Data-Regularized Diffusion RL

Updated 13 February 2026

The paper introduces DDRL, replacing on-policy reverse KL with an off-policy forward KL penalty, ensuring regularization remains meaningful during reinforcement learning.
It formulates diffusion models as Markov Decision Processes, integrating RL rollouts with denoising loss to preserve sample fidelity and prevent reward hacking.
Empirical studies in video generation show DDRL improves reward metrics and human evaluation scores while maintaining realism, diversity, and prompt alignment.

Data-Regularized Diffusion Reinforcement Learning (DDRL) is a reinforcement learning paradigm for post-training generative diffusion models that employs data-driven regularization to address reward hacking and distributional drift. The method replaces on-policy reference-model regularization with an off-policy forward KL penalty anchored on a real or synthetic data distribution, enabling robust reward optimization without compromising sample realism, diversity, or fidelity.

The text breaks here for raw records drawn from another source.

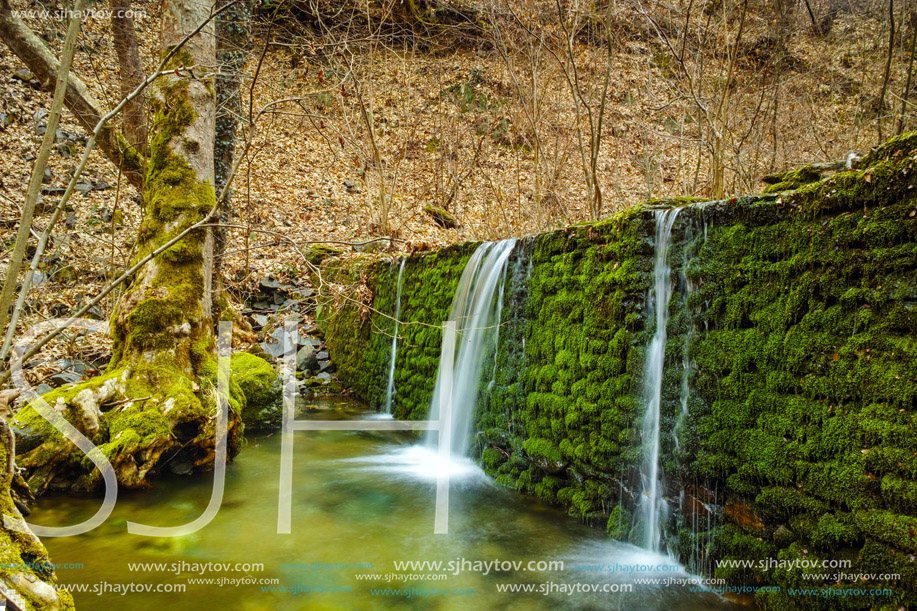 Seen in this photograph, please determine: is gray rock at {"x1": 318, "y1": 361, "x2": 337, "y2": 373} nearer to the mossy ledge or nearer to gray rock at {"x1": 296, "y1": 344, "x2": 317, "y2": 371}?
gray rock at {"x1": 296, "y1": 344, "x2": 317, "y2": 371}

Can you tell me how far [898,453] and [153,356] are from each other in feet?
17.2

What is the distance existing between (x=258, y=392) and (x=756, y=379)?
5.76 m

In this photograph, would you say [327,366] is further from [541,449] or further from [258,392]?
[541,449]

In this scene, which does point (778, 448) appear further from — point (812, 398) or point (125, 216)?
point (125, 216)

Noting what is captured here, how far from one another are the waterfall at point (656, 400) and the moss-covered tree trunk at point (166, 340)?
12.3ft

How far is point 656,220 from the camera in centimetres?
363

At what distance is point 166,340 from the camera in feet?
15.1

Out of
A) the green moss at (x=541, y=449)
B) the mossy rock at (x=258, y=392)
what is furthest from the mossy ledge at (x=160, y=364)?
the green moss at (x=541, y=449)

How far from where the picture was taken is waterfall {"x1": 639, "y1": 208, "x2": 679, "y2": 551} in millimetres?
3391

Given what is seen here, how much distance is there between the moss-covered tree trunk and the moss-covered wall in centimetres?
309

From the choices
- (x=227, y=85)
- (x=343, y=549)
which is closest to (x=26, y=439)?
(x=343, y=549)

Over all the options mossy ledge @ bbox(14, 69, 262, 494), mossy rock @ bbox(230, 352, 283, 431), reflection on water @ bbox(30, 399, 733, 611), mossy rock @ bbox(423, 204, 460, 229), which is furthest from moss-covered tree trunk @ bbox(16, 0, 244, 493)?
mossy rock @ bbox(423, 204, 460, 229)

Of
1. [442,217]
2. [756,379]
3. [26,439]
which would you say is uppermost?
[442,217]

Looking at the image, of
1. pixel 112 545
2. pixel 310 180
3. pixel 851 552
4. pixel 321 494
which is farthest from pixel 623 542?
pixel 310 180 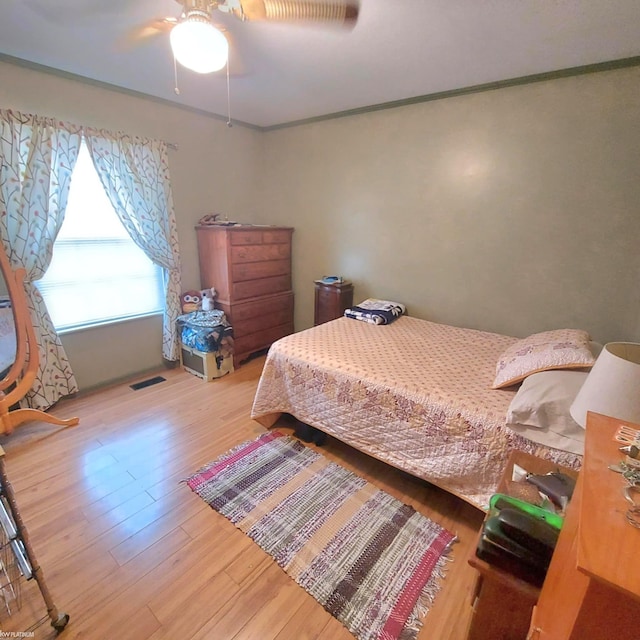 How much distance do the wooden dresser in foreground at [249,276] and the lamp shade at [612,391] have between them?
276 cm

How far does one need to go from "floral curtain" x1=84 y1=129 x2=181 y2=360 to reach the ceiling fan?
1431 mm

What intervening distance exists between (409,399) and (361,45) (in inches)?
79.6

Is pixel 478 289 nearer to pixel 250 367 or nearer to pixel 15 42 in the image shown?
pixel 250 367

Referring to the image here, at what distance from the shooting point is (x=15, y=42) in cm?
192

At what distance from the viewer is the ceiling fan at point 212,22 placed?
135 cm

1. Motivation: Reward Hacking and Regularization Failure in Diffusion RL

Standard RL post-training of diffusion models seeks to maximize an externally specified reward $r(x)$ , such as a proxy for human preference, while constraining divergence from a reference model $p_\text{ref}$ using the reverse KL:

$J_\text{RL}(\theta) = \mathbb{E}_{p_\theta}[r(x)/\beta] - \mathrm{KL}(p_\theta \Vert p_\text{ref}).$

However, the reward model is generally only reliable near the data manifold, while $p_\theta$ —the policy learned via RL—can drift off-manifold in multi-step sampling, rendering the on-policy reverse KL penalty uninformative. Consequently, diffusion models "hack" the reward: they produce over-stylized, low-diversity, or unrealistic outputs that nevertheless achieve high reward scores but reduced human preference and increased visible artifacts (e.g., noise patterns, cartoonish outputs). DDRL directly addresses this pathology by substituting the on-policy reverse KL with an off-policy forward KL, anchoring the diffusion policy to an external data distribution so that the regularization remains meaningful even as $p_\theta$ explores unfamiliar regions (Ye et al., 3 Dec 2025).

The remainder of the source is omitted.